Deferring payment of estate tax. (Estates & Trusts)by De Rosa, Albert
The basic purpose of this provision is to permit continuation of a business enterprise where the death of a business owner results in the imposition of a significant estate tax. Consequently, a "distress sale" at reduced prices is not necessary to generate funds to pay the estate tax liability. By extending the period for payment of estate tax, the tax can be paid from later earnings. With more time, the heirs may be able to retain the business within the family or plan for an orderly disposition.
Closely Held Business
The term "interest in a closely held business" is defined in IRC Sec. 6166(b)(1) as:
1. An interest as sole proprietor in a trade or business;
2. A partnership interest in a trade or business if either a) the partnership has no more than 15 partners or b) 20% or more of the total capital interest in the partnership is included in the gross estate; or
3. Stock in a corporation carrying on a trade or business if either a) the corporation has no more than 15 stockholders or b) 20% or more of the value of the corporation's voting stock is included in the decedent's gross estate. The number of partners or shareholders is determined as of the time immediately before the decedent's death.
In Rev. Rul. 75-365, the IRS set forth a more narrow definition of "trade or business" than the meaning given the phrase in other areas of the tax law. The IRS stated that the election was not intended to protect continued management of income-producing properties or to permit deferral of the tax merely because the payment of the tax might make necessary the sale of income-producing assets. An exception would be where the income-producing assets formed a part of an active enterprise producing business income rather than income solely from the ownership of property. Although the management of rental property by the owner may, for some purposes, be considered the conduct of a trade or business in the case of a sole proprietorship, IRC Sec. 6166 was intended to apply only with regard to a business such as a manufacturing, mercantile, or service enterprise, as distinguished from management of investment assets.
In PLR 9128024, the IRS determined that real estate interests may qualify as an interest in a closely held business. In the facts of the ruling, the decedent owned real estate interests in twelve apartment buildings. The properties were owned in the following forms: sole proprietorship, sole stockholder of corporation owning property, tenant in common with sons, and partner of a partnership owning property. The decedent personally attended to the day-to-day operation and management of the twelve properties. Some of the decedent's responsibilities included:
* Interviewing and screening prospective tenants;
* Negotiating leases;
* Collecting rents;
* Preparing apartments for new tenants;
* Maintaining all common areas;
* Installing and repairing household fixtures;
* Maintaining water, heating, and sewer systems;
* Contracting for and supervising the work of painters, plumbers, roofers, electricians, and other craftsmen for major repairs and renovations;
* Maintaining financial records;
* Paying bills;
* Obtaining and reviewing insurance coverage;
* Maintaining good tenant relations;
* Resolving complaints from tenants and mediating tenant disputes; and
* Consulting with legal counsel and accountants;
The decedent was assisted by one of his sons full-time, a handyman, and a garbage remover. The handyman and garbage remover were paid from a management account that was used for all properties. The decedent was on call 24 hours a day, including weekends. None of the properties were managed by an outside management company. The decedent had no source of earned income other than the management of the real estate interests.

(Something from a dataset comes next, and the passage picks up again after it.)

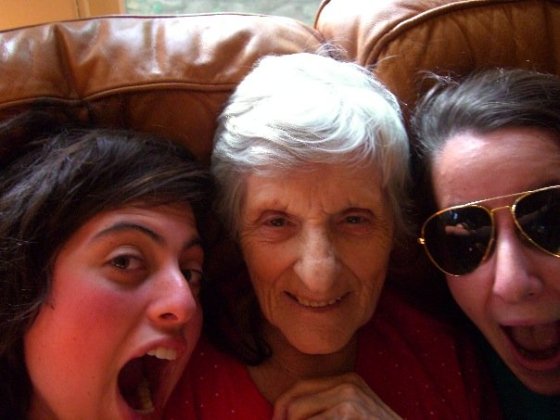 217011_1006134706055_7953_n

The IRS ruled that level of activity is the factor that distinguishes an "active business" from mere passive ownership of income-producing assets. In determining the level of business activity carried on by a proprietorship, partnership, or corporation, the activities of its agents or employees are taken into account. The activities of persons such as independent contractors or lessees who are neither agents nor employees, are not taken into account. The decedent's son, handyman, and garbage remover can be viewed as agents of the decedent. Therefore, their activities were attributed to the decedent.
The decedent's activities (as assisted) went beyond merely collecting rents, making mortgage payments and making necessary repairs (considered management of investments). Therefore, decedent was engaged in a trade or business as a proprietor with respect to these properties and the tax deferral benefits of IRC Sec. 6166 were available to the estate.